WHAT IS BEING ASKED: Output the listing exactly as written, apart from its pictures.

*** GIVEN MATERIAL Section Begins ***

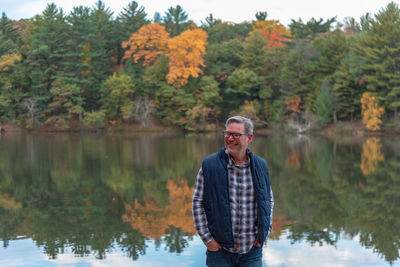 Smiling man standing against lake during autumn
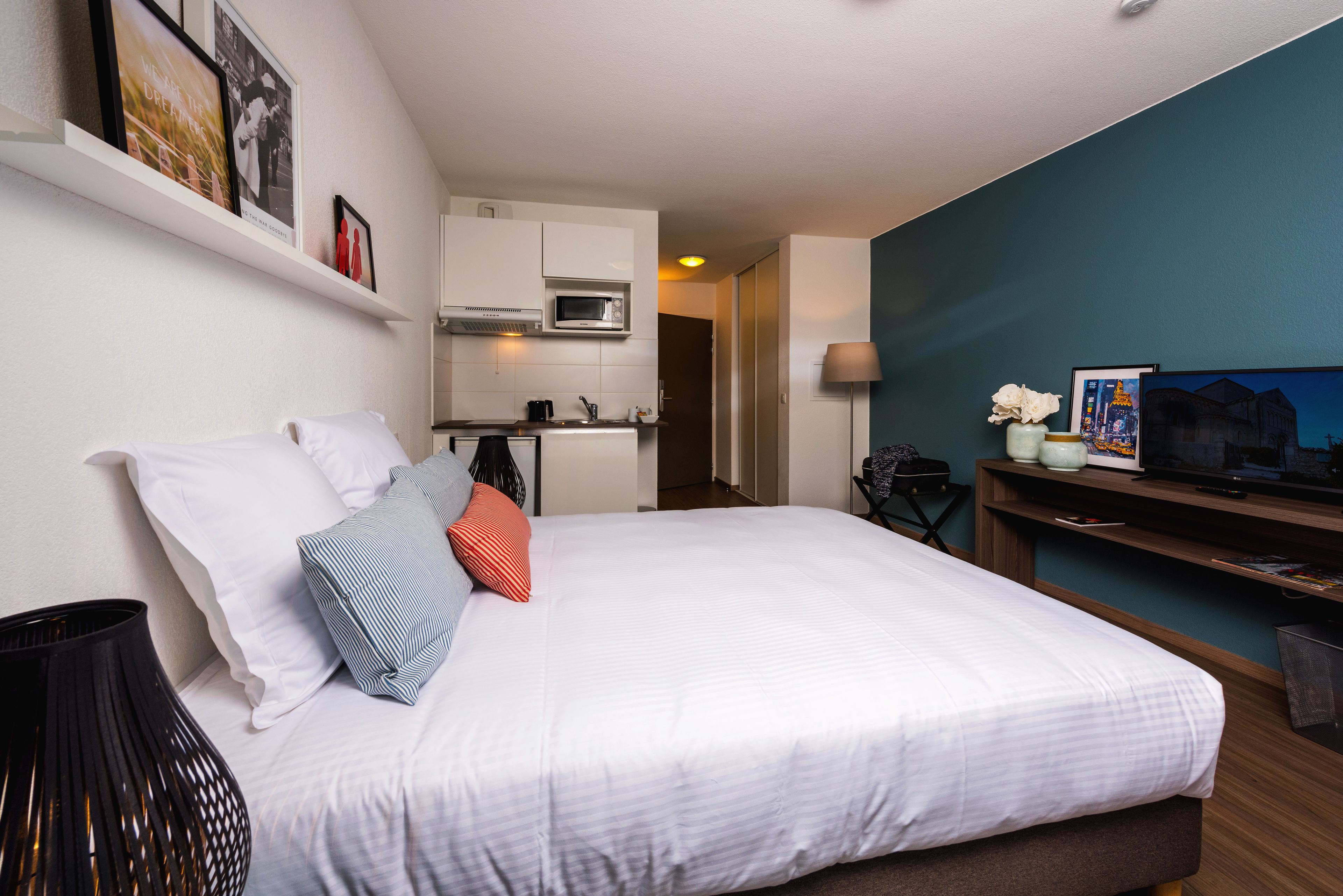 A bedroom with a large bed, a TV, a desk, and a kitchenette.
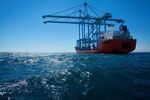 The Dockwise Swift heavy vessel transports Paceco Portainer STS gantry and Transtainer cranes to the Port of Long Beach in Long Beach, California, U.S..
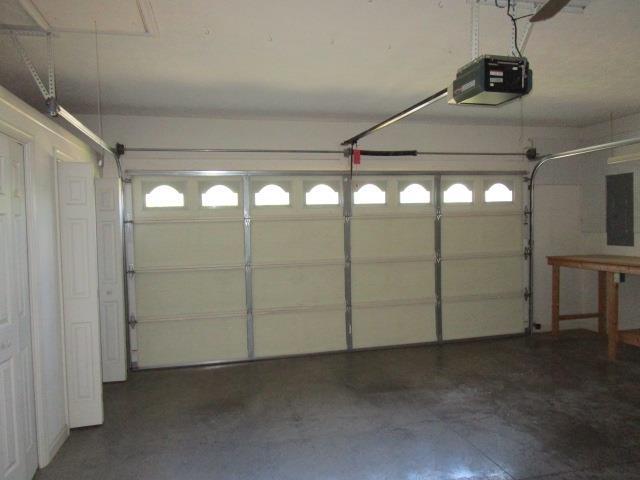 384 Hickory Grove Cir, Harrisonburg, VA 22801 - garage featuring a garage door opener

*** GIVEN MATERIAL Section Ends ***

REPLY TO THE TASK:
 Smiling man standing against lake during autumn
 A bedroom with a large bed, a TV, a desk, and a kitchenette.
 The Dockwise Swift heavy vessel transports Paceco Portainer STS gantry and Transtainer cranes to the Port of Long Beach in Long Beach, California, U.S..
 384 Hickory Grove Cir, Harrisonburg, VA 22801 - garage featuring a garage door opener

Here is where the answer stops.